### DATA SHOWN

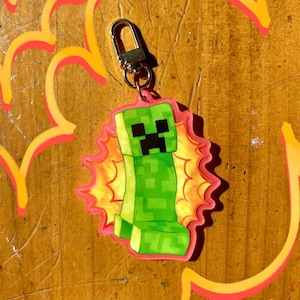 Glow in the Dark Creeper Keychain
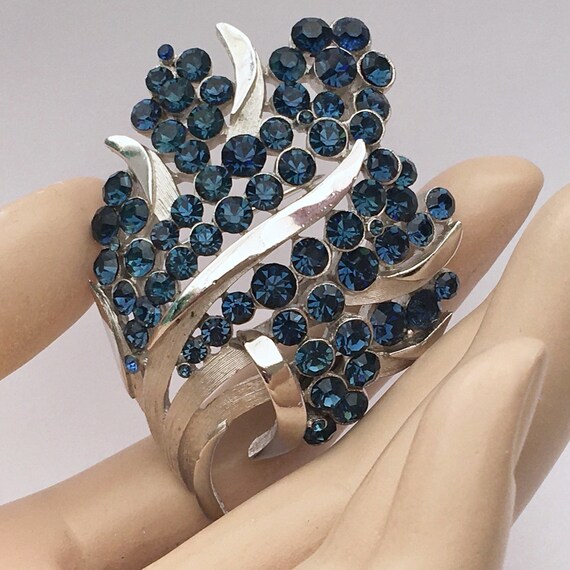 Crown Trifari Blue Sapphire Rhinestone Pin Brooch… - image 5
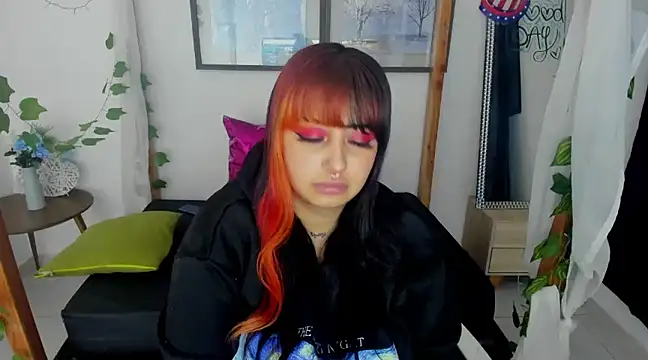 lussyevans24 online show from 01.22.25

...

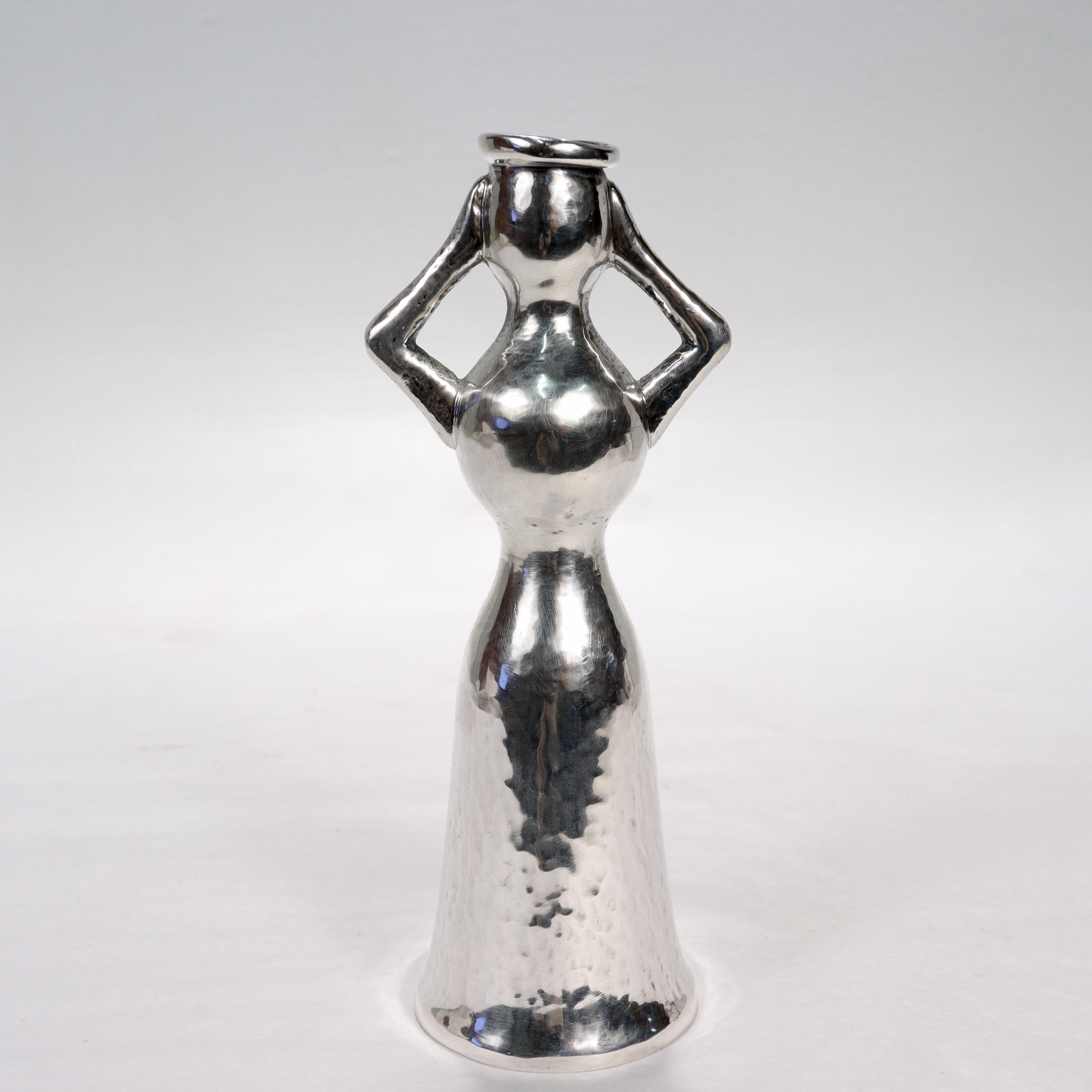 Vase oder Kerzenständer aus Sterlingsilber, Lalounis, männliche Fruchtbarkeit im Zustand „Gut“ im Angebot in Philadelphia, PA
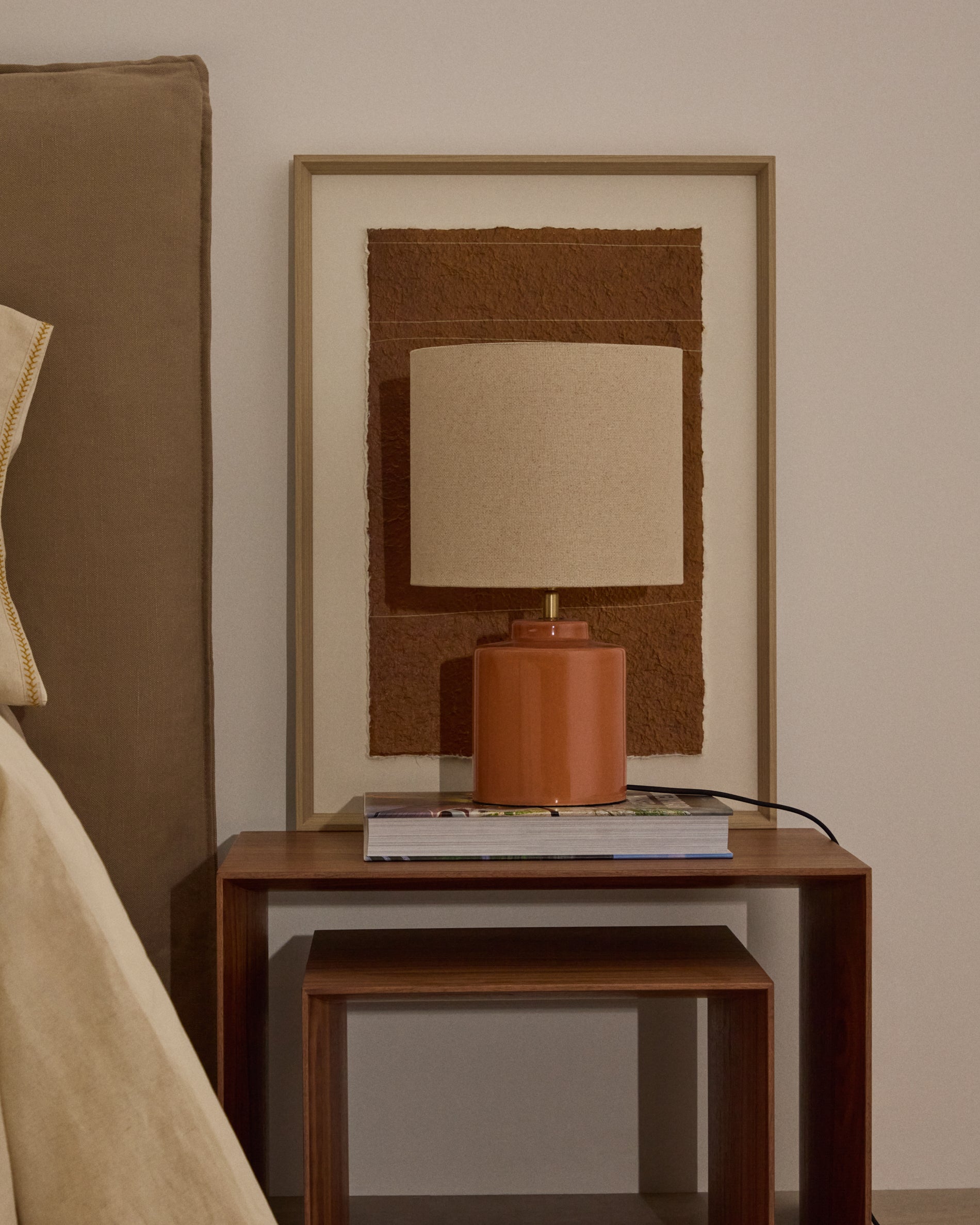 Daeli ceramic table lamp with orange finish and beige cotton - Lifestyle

### AIM OF THE TASK
What you return must match the lines above from the one with "Crown Trifari Blue" through the one with "lussyevans24 online show from 01.22.25" exactly, with both ends included and the pictures excluded.

### EXERCISE SOLUTION
 Crown Trifari Blue Sapphire Rhinestone Pin Brooch… - image 5
 lussyevans24 online show from 01.22.25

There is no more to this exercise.